Is a player ever really far too good for the second tier but not close to good enough for the first?
It’s been a while, apologies! Let’s just say I’ve had a busy few weeks.
In return, there are two newsletters in the pipeline this week. One on the Bundesliga’s newest star as his international career begins, and this one, on the 2. Bundesliga’s greatest ever goalscorer.
Can any footballer really be so good that they completely dominate the second division in a country but can’t make any sort of mark, at all, on the top flight?
“I didn’t really think about it. Obviously you’d hope to grab a goal at 2-0. When you’re 2-0 up at home, you couldn’t imagine a better setting,” Simon Terodde said on Sunday, minutes after writing his name into the German football record books.
The striker had just netted his 153rd 2. Bundesliga goal, becoming the second tier’s joint all-time top goalscorer. It won’t take him long to take the record outright, Terodde has a goal every 72 minutes so far this season. But he has been handed just 58 Bundesliga appearances in his long career and found the back of the net just 10 times in those games. Why?
Terodde’s first regular taste of first team football came at Union Berlin a decade ago, he scored a respectable 23 in 87 league games before a move to Bochum.
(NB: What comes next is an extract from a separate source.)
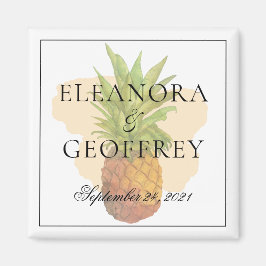 夏の熱帯性パイナップル結婚沿岸の日 マグネット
It was there that he became as much of a household name as a second division striker can be, netting 41 of Bochum’s 109 league goals during his two seasons at the club.
The answer for fallen giants VfB Stuttgart was clear when they landed in the 2. Bundesliga. This was the man they needed to fire them out of the league, the man who had scored against them in a DFB Pokal shock a year earlier. And he did just that, scoring 25 in 32 league games. But upon promotion, Terodde stopped scoring and then stopped getting picked. He had two in 15 appearances and was sold to struggling Köln in January 2017. There he started well, scoring five Bundesliga goals — half his all-time top flight tally — in his first five games … and then none in the next 10 as Köln were relegated. Terodde scored 29 the following season to take Köln straight back up.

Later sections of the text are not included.